**WHAT THE TASK REQUIRES**:
Transcribe exactly, leaving out pictures, the lines from the one that holds "Переговоров пока нет, но" through the end of the data below, including both end lines and no others.

RECORDS FOR THIS EXERCISE Block Start

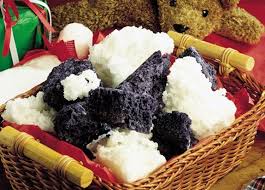 Sarà l'alcool, infatti, in fase di preparazione, a dare le bollicine al nostro carbone. Una Ricetta Per L Epifania Carbone Bianco Della Befana Cantina La Costa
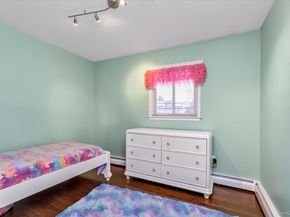 6 Cedar Drive E, Plainview NY 11803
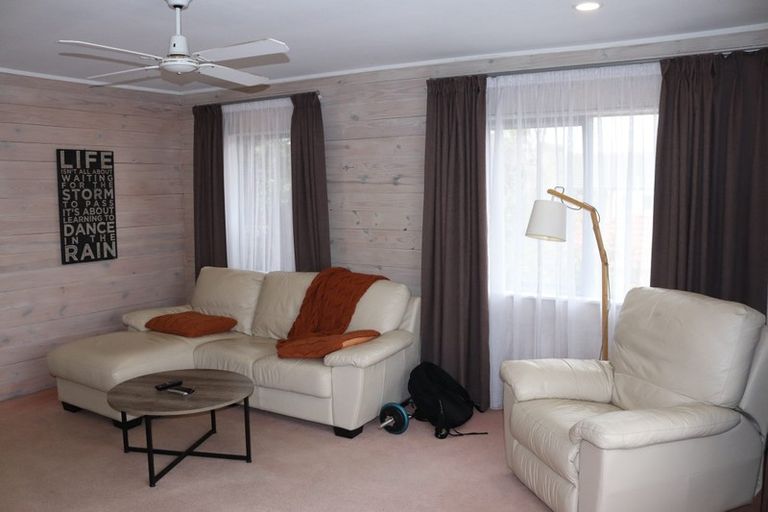 Photo of property in 49 Milan Drive, Glen Eden, Auckland, 0602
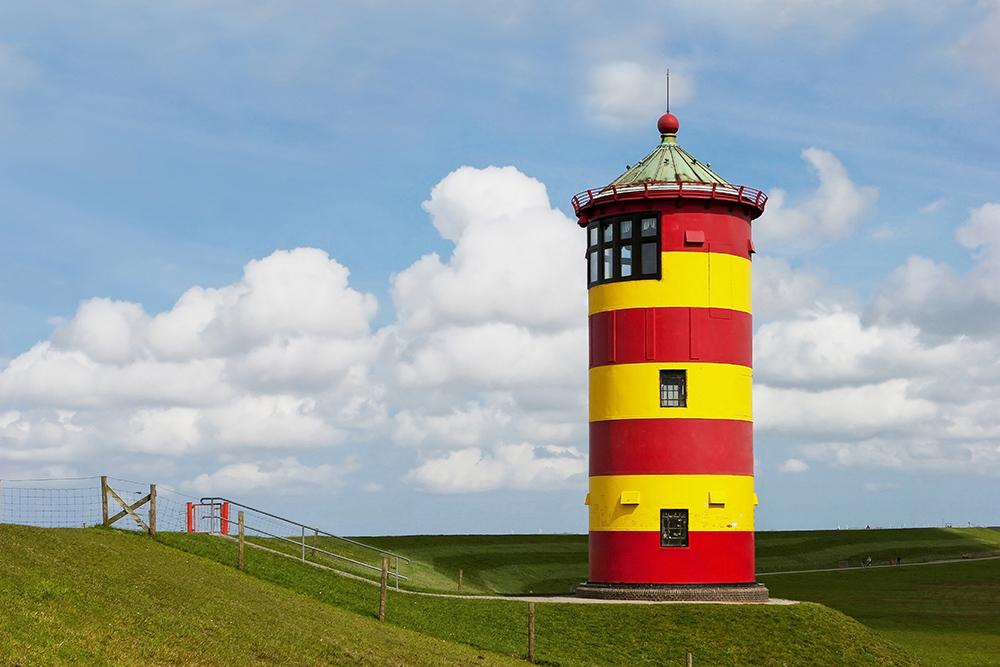 Vlies-Fototapete – Pilsumer Leuchtturm in Ostfriesland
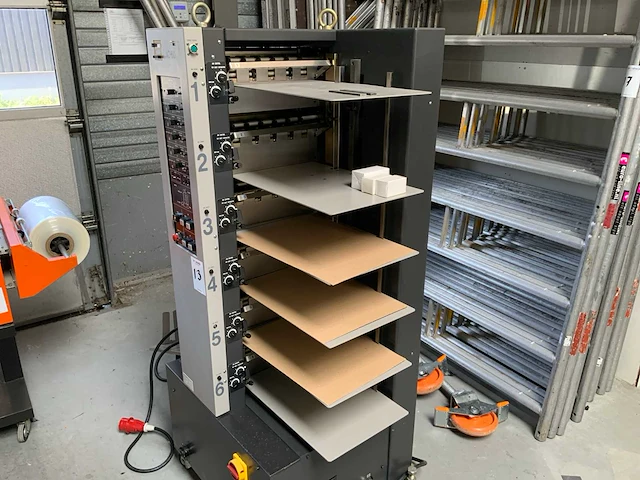 Horizon ac-60 vergaarmachine - afbeelding 4 van  7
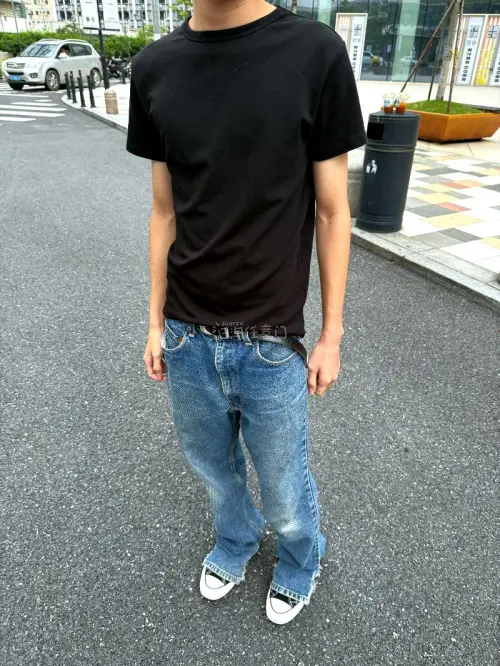 这条牛仔裤版型特别正，面料柔软又有质感，上身贴合身形还十分舒适，做工精细没有多余线头。整体穿搭效果超出预期，尺码标准，这次购物体验特别满意，后续还会继续回购。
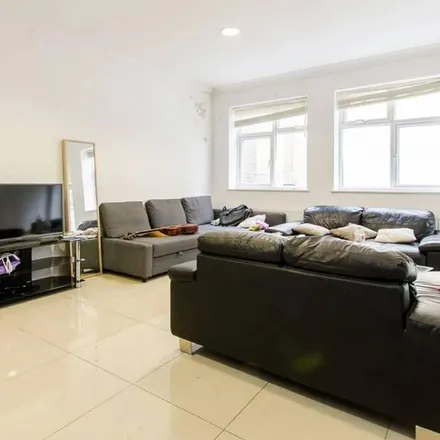 Rent this 3 bed apartment on Tesco Express in 45 Whitechapel Road, Spitalfields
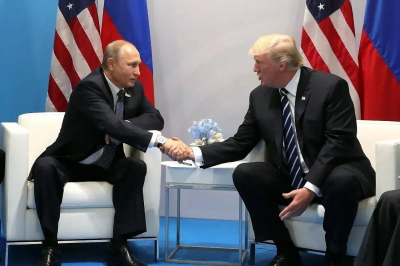 Переговоров пока нет, но шанс есть: Ушаков допустил встречу Путина и Трампа на саммите в Китае
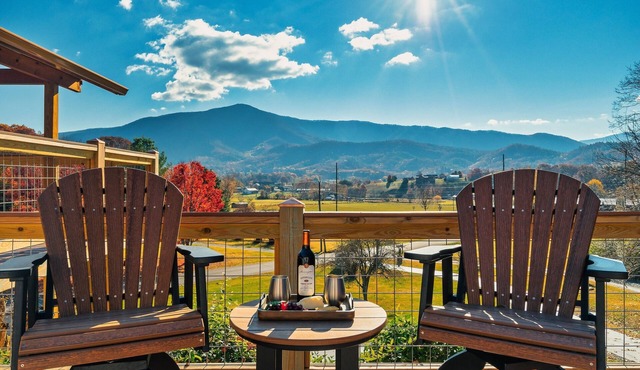 EpicViews!~EasyRoads!~Hot Tub~Firepit~GameRoom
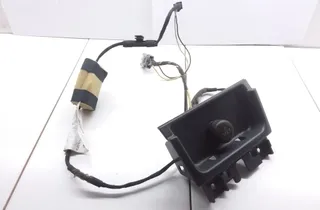 12 V контакт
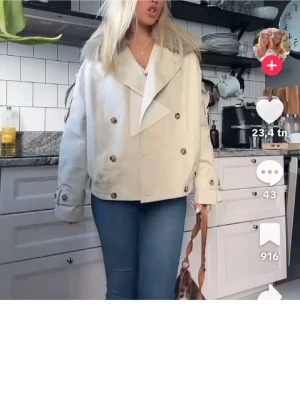 Beige kappa  - Beige super snygg kappa!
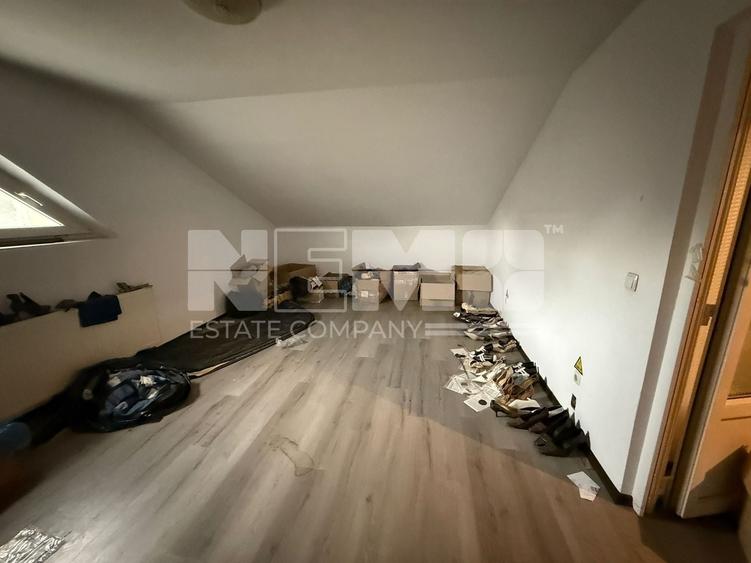 Spațiu comercial, de 300 mp, în Ultracentral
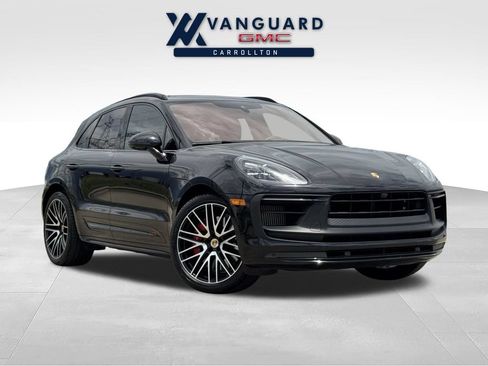 Used 2023 Porsche Macan GTS AWD/4WD image 1
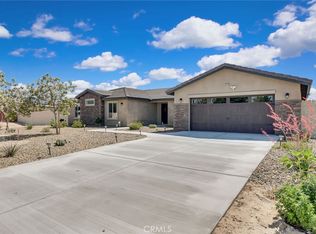 13823 Wawona Rd, Apple Valley, CA 92307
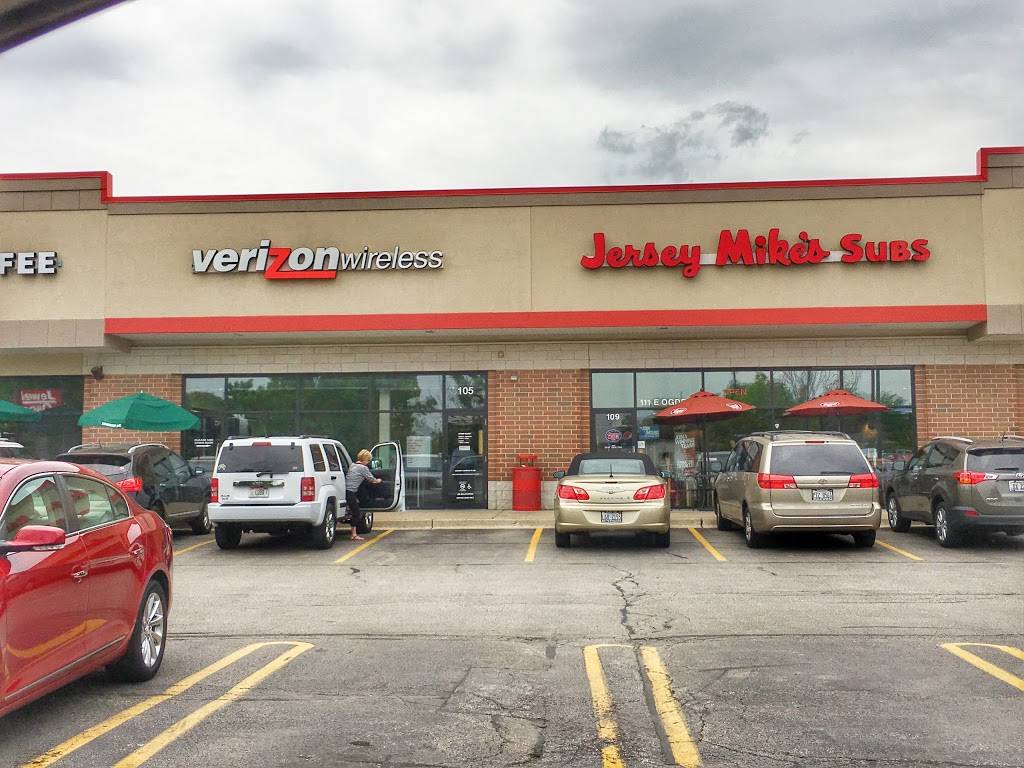Jersey Mikes Subs | meal takeaway | 111 E Ogden Ave, Naperville, IL 60563, USA | 6305480950 OR +1 630-548-0950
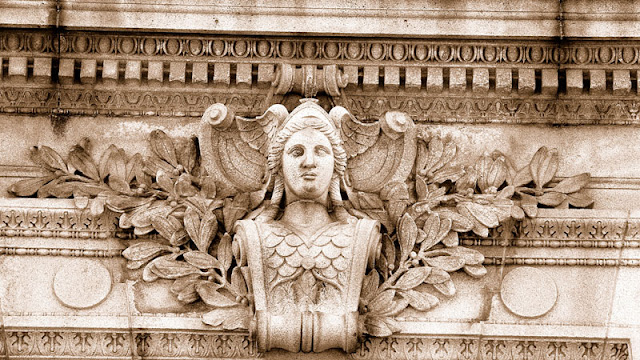 Queen Victoria Ornamentation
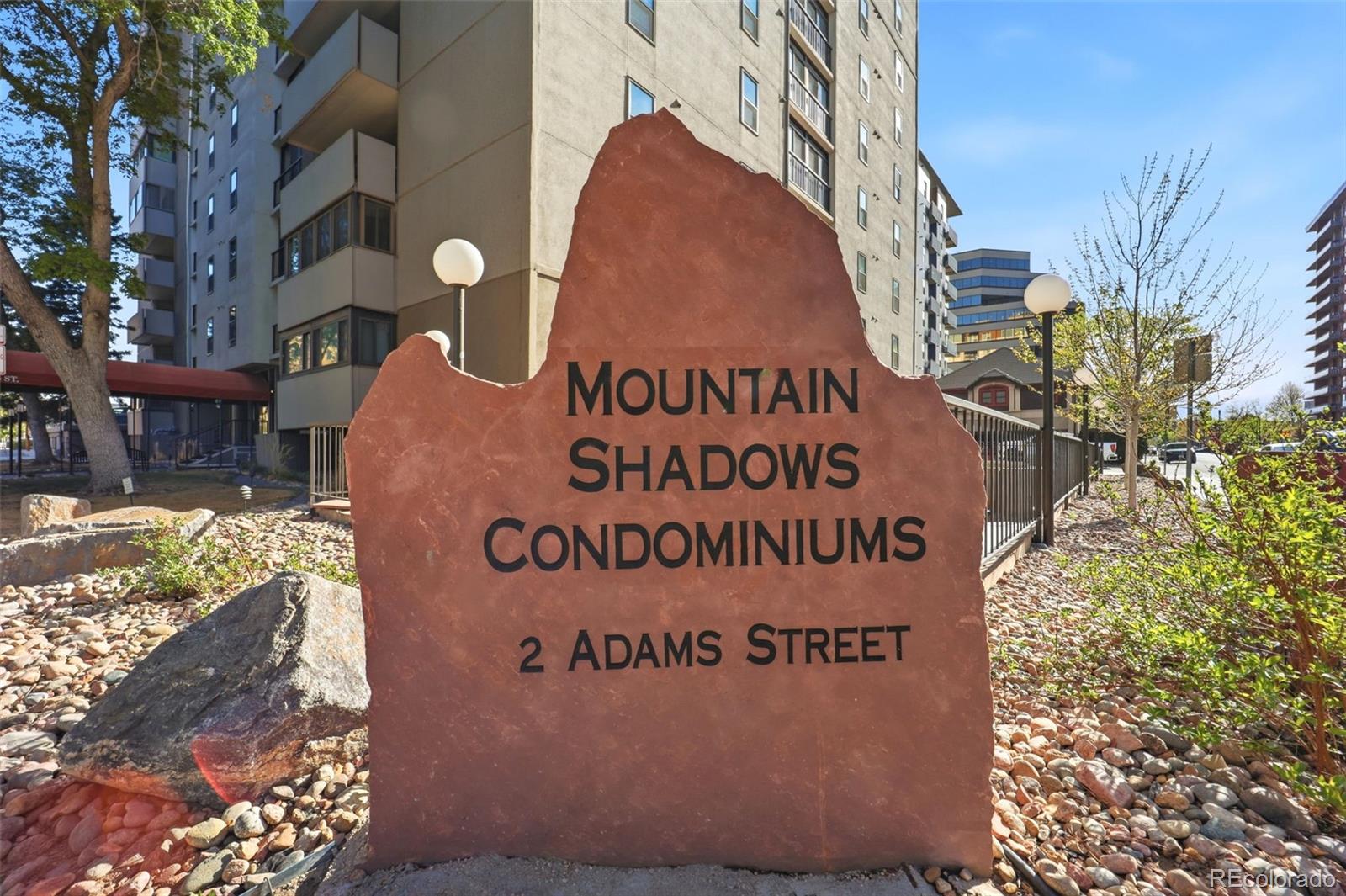 2 Adams Street Unit: 603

RECORDS FOR THIS EXERCISE Block End

**SOLUTION TO THIS TASK**:
 Переговоров пока нет, но шанс есть: Ушаков допустил встречу Путина и Трампа на саммите в Китае
 EpicViews!~EasyRoads!~Hot Tub~Firepit~GameRoom
 12 V контакт
 Beige kappa  - Beige super snygg kappa!
 Spațiu comercial, de 300 mp, în Ultracentral
 Used 2023 Porsche Macan GTS AWD/4WD image 1
 13823 Wawona Rd, Apple Valley, CA 92307
Jersey Mikes Subs | meal takeaway | 111 E Ogden Ave, Naperville, IL 60563, USA | 6305480950 OR +1 630-548-0950
 Queen Victoria Ornamentation
 2 Adams Street Unit: 603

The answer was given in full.